Key factors based on which income tax slabs are applicable include:
- Income of assessee
- Residential status of the assessee
- Assessment year
- Rate of tax
- Charge of income tax
- Maximum amount / threshold limit till income is not chargeable/taxable
- Gross income
The applicable Tax Rates for FY 2018-19 (Other than Capital Gain) are as under:
|Individuals/HUF||Resident Senior Citizens* (Between 60 to 79 years)||Resident Senior Citizens* (Age of 80 Years or more)|
|2,50,001 – 3,00,000||5%||Nil||Nil|
|3,00,001 – 5,00,000||5%||5%||Nil|
|5,00,001 – 10,00,000||20%||20%||20%|
|10,00,001 and above||30%||30%||30%|
- The above rates are exclusive of surcharge. Surcharge is applicable @ 10% where the total income exceeds Rs.50 lakh but does not exceed Rs. 1 Crore, while surcharge @ 15% continues if total income exceeds Rs. 1 Crore. Health and Education Cess @ 4%.
- Rebate of Rs. 2,500 is allowed only to resident individuals whose total income in the financial year does not exceed Rs. 3,50,000
- Senior citizens, who do not have any income from business, are exempted from payment of advance tax.

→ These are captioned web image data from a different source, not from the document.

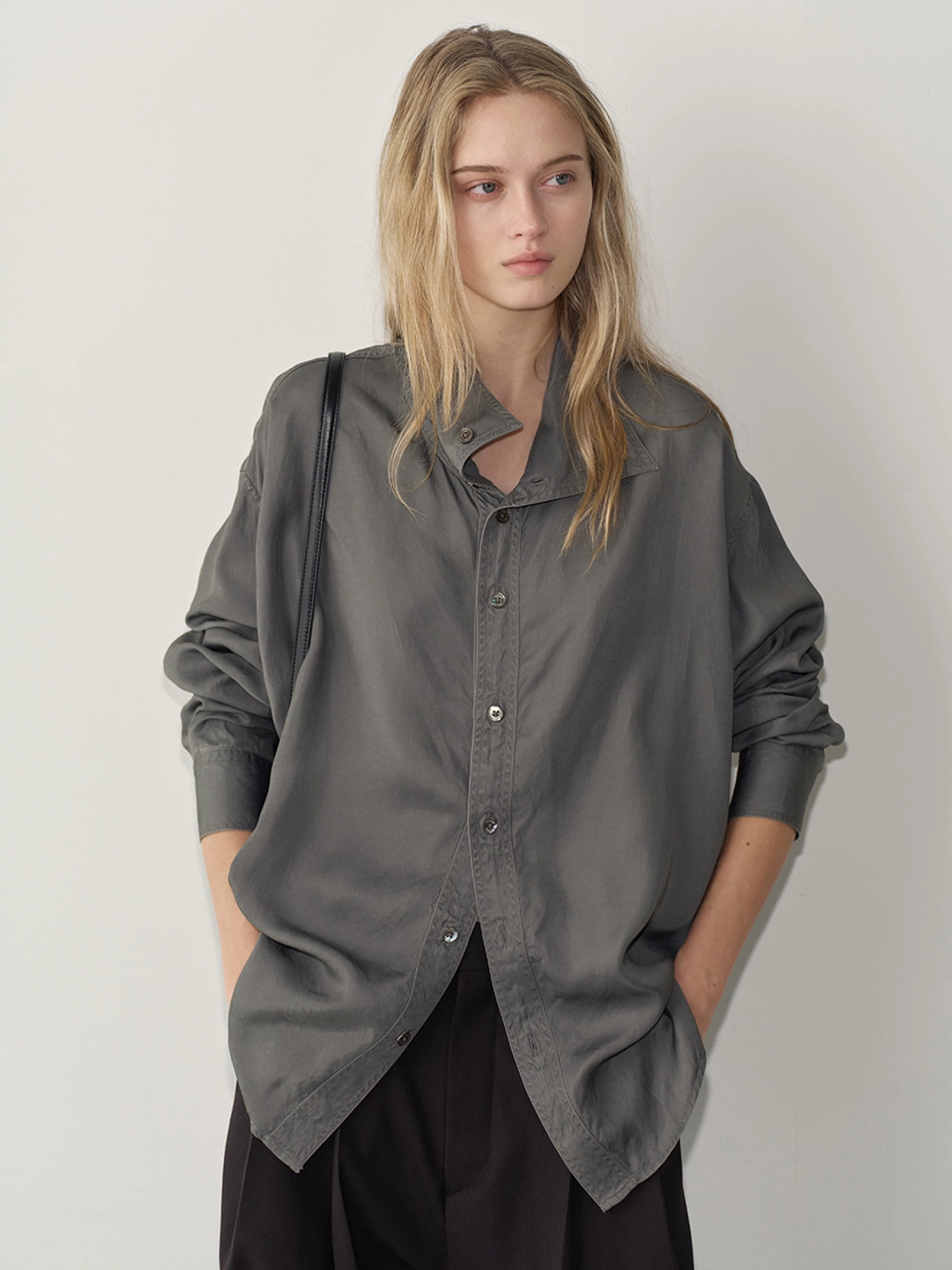 파사드패턴 미니멀 퍼넬넥 셔츠_washed grey 상품 이미지 1
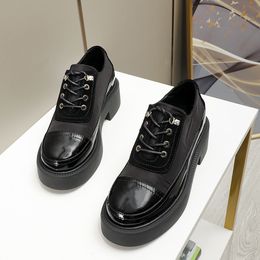 Chanells Soled Deign Leather Thick Channel Girl Fahion Cool Shoes Shiny Casual Shoe Top Quality Black White Lace-up Round Toe Anti-slip Wearproof Sneaker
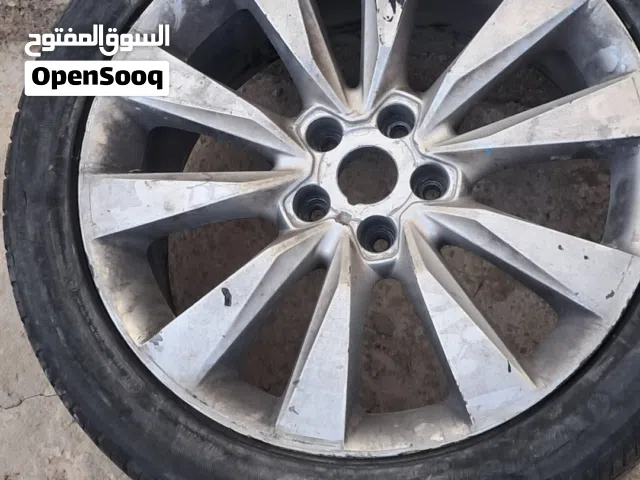 ديسكو 19 من غير قومه مكان مصراتة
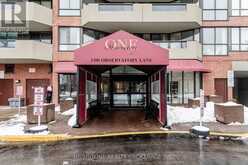 904 - 100 OBSERVATORY LANE | Richmond Hill Ontario | Slide Image Two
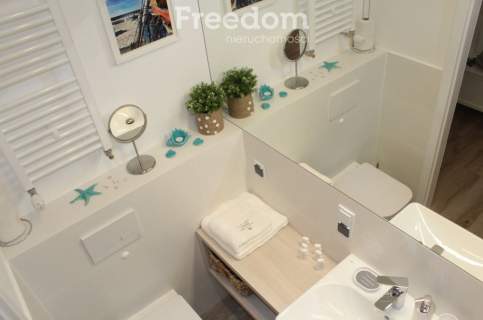 Apartament 50 m od morza, 2 pok z garażem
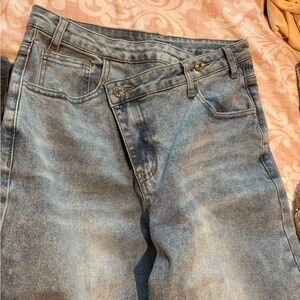 Commense High-Rise Light Blue Washed Jeans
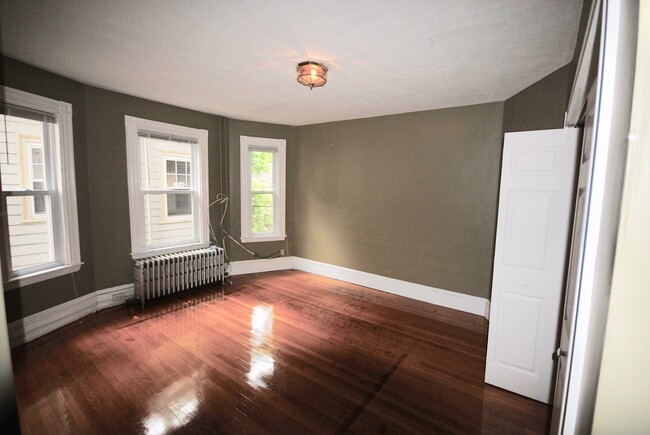 Photo - 18 Hinckley St Condo Unit 1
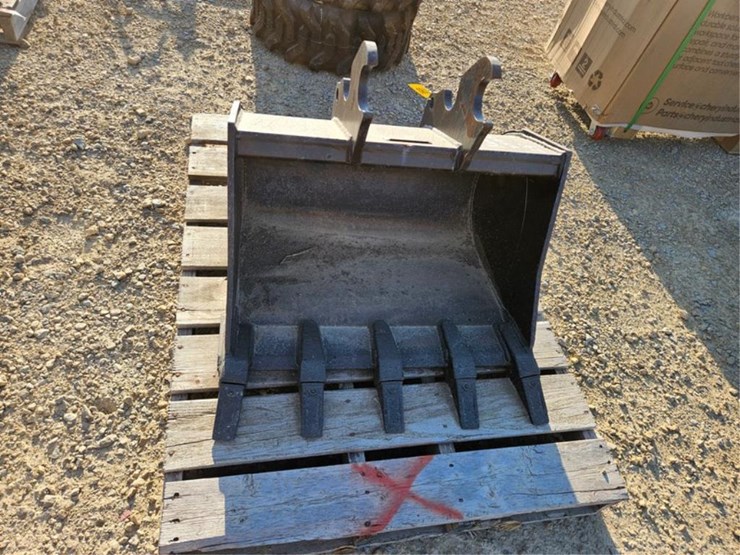 kubota-kx057-image-8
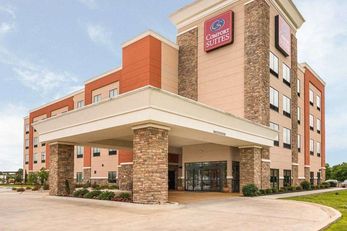 Comfort Suites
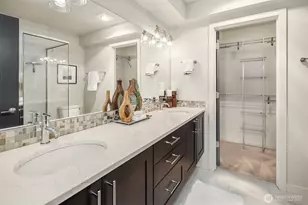 419 N 50th St, Seattle, WA 98103 - Photo 18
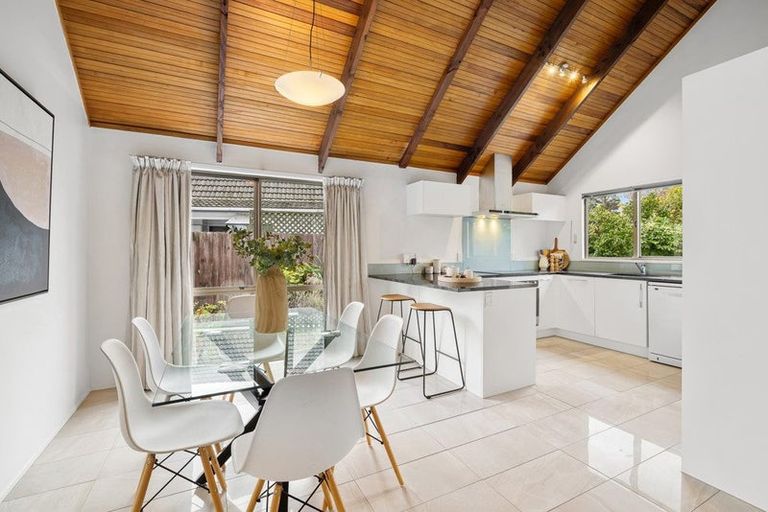 Photo of property in 4 Cullahill Street, Harewood, Christchurch, 8051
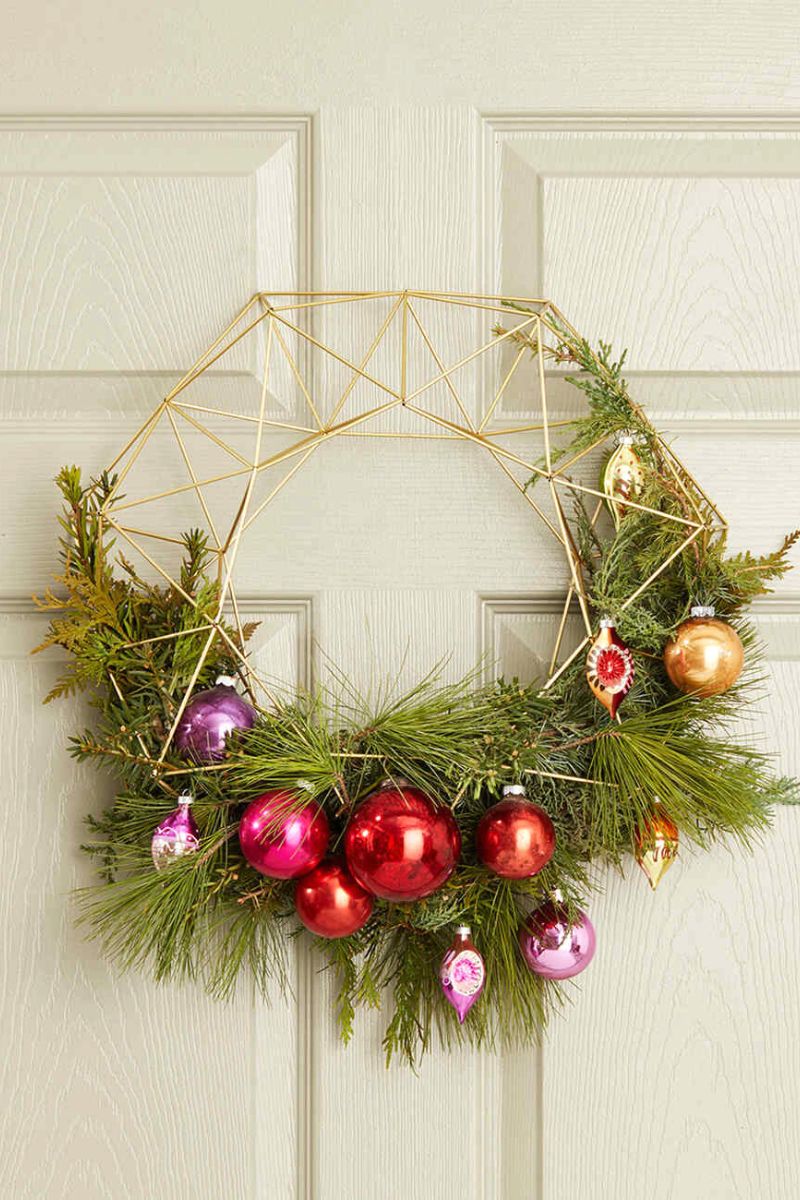 Asymmetrical holiday wreaths on Thursd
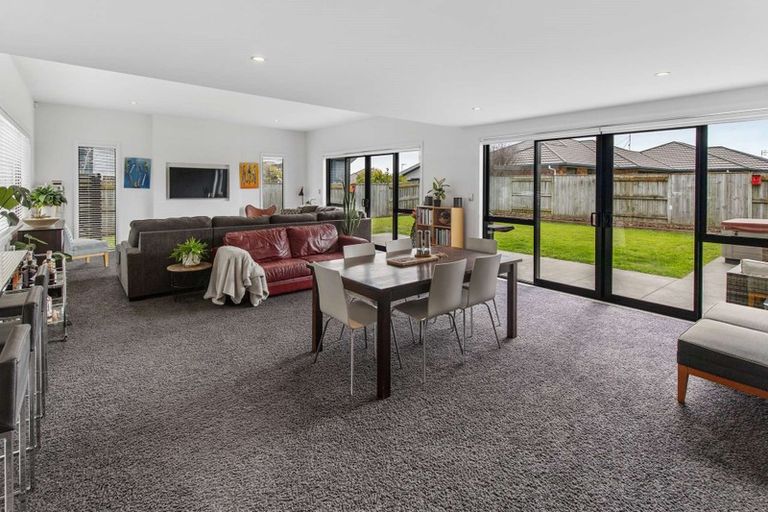 Photo of property in 79 Rosalie Terrace, Kelvin Grove, Palmerston North, 4414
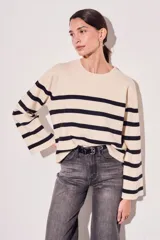 Sweater de punto con diseño a rayas horizontales en color crema y marrón, de corte holgado, cuello redondo y mangas largas acampanadas.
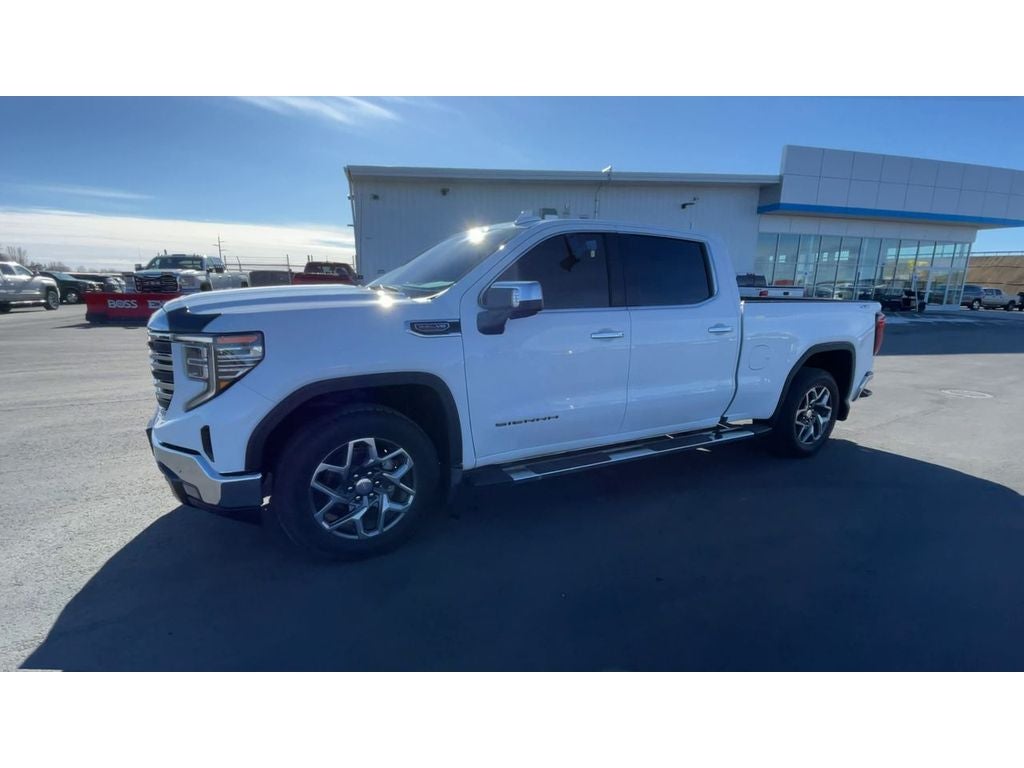 2024 GMC Sierra 1500 SLT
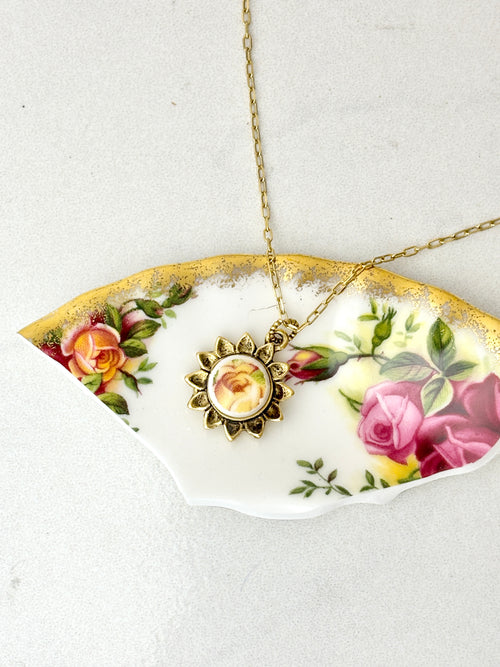 Country RoseSunflower Antique Gold Necklace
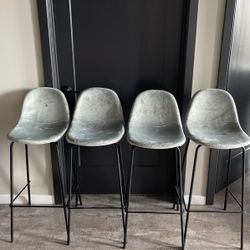 Kitchen bar stools 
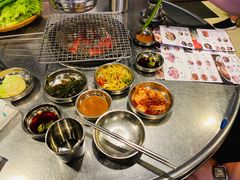 -釜山火炉·海鲜烤肉(紫藤路店)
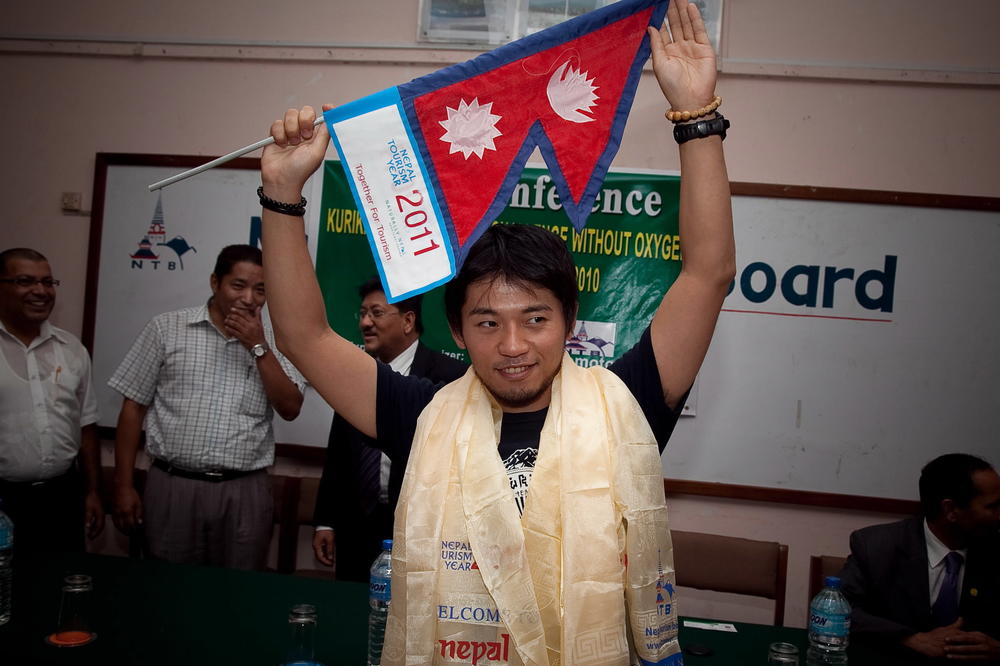 ČOVEK KOJI NIJE ODUSTAO: Poginuo Japanac koji je po OSMI PUT pokušao da osvoji Everest, iako je pre toga izgubio DEVET PRSTIJU RUKE!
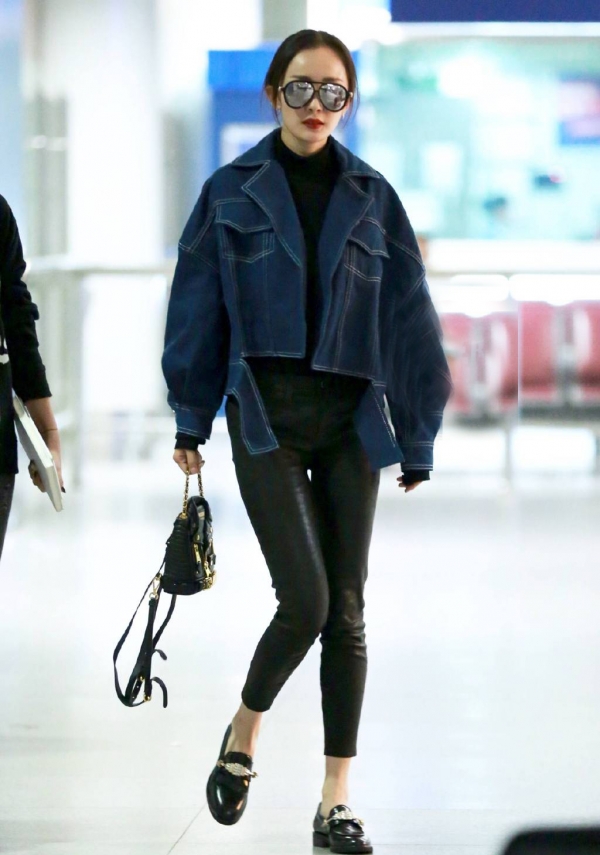 杨幂最新街拍 花式玩转Oversize牛仔服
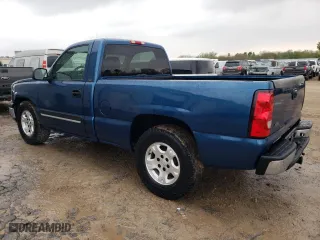 2003 Chevrolet Silverado 1500 with VIN 1GCEC14X33Z295122, listed as a Copart auction lot 43054455 with 210,293 mi miles and Clean Title. Bid and sale history available at carsss.com. Image 2.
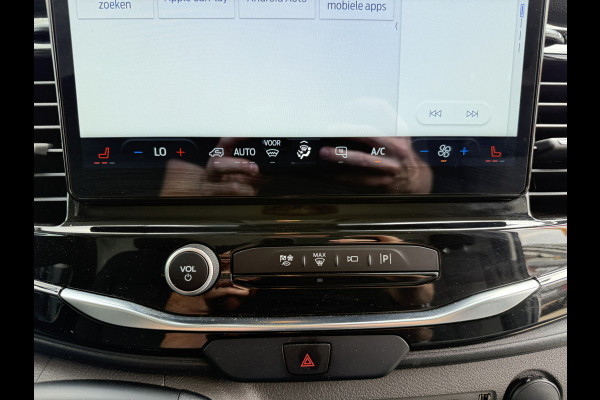 Ford E-Transit 68kWh 184PK L3H3 Pakketinrichting 334km WLTP 96,2% (SOH) BEV Snelladen 360º Camera Cruise control Climate control Carplay Navigatie Laadkabel Parkeersensoren v+a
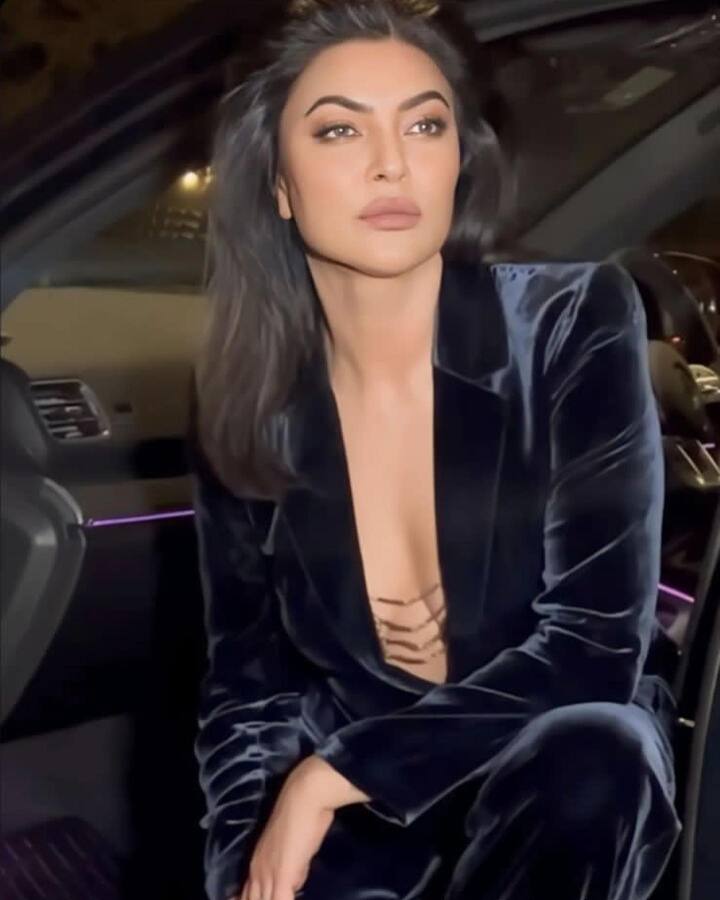 सुष्मिता तिच्या पर्सनल लाईफमुळे देखील चर्चेत असते, असे बोलले जात होते की, सुष्मिता सेनने तिचा एक्स बॉयफ्रेंड रोहमन शॉलसोबत पॅचअप केले आहे.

Income Tax on Capital Gains:
|Capital Gain on transfer of||Listed securities Sold through Recognized stock exchange and units of equity oriented Mutual Fund on which STT paid at the time of Sale||Listed securities on which STT is not paid at the time of sale||Other Capital Assets (Inclusive of Equity oriented Debt Oriented Mutual Funds)|
|Tax on Long Term Capital Gain||10%, for the gains exceeding Rs.100,000/-.
(Provided that STT is paid at the time of acquisition of shares if they are bought on or after 1st October, 2004)
|a) In case of Resident – 10 % on Capital Gains or 20% on Indexed Capital Gains whichever is beneficial to the assessee.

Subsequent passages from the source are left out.